▸ **Task brief**: Exactly the lines from the one with "BMW 1 E81 E87" through the final line of the listing below should appear in the answer, and no others.

---

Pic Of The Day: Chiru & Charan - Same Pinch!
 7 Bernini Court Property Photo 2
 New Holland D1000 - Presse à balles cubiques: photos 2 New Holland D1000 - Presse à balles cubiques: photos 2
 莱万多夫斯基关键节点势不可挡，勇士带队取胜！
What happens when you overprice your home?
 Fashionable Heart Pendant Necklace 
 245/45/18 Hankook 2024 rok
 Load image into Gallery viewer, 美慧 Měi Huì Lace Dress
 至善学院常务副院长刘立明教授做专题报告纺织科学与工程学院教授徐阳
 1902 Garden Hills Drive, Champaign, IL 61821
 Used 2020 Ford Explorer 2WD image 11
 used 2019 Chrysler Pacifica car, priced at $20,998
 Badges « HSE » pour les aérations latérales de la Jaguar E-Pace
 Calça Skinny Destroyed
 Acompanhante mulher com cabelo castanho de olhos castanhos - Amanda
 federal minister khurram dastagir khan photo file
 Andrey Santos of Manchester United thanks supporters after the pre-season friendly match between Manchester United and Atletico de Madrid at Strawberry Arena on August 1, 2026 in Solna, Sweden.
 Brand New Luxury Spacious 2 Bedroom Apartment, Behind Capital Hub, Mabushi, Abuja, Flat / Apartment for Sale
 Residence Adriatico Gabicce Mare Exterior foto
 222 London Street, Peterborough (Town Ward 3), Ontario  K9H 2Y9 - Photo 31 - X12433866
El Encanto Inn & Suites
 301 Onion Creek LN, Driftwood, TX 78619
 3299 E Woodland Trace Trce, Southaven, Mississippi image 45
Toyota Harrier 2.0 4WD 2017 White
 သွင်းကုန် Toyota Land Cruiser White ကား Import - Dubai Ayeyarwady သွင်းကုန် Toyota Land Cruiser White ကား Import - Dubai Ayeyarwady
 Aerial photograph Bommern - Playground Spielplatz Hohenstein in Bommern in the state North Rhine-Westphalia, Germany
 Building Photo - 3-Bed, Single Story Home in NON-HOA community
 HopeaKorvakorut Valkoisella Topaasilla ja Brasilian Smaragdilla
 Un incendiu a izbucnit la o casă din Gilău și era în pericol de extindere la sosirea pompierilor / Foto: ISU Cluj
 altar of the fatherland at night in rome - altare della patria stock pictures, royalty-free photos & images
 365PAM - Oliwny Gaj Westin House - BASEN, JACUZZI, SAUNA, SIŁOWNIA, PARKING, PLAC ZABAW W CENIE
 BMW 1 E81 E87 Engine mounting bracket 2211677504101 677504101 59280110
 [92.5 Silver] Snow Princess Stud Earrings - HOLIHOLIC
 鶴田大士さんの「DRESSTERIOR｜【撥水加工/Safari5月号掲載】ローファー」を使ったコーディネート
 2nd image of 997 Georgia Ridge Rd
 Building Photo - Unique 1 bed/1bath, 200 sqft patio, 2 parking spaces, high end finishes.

---

▸ **Solution to the problem**:
 BMW 1 E81 E87 Engine mounting bracket 2211677504101 677504101 59280110
 [92.5 Silver] Snow Princess Stud Earrings - HOLIHOLIC
 鶴田大士さんの「DRESSTERIOR｜【撥水加工/Safari5月号掲載】ローファー」を使ったコーディネート
 2nd image of 997 Georgia Ridge Rd
 Building Photo - Unique 1 bed/1bath, 200 sqft patio, 2 parking spaces, high end finishes.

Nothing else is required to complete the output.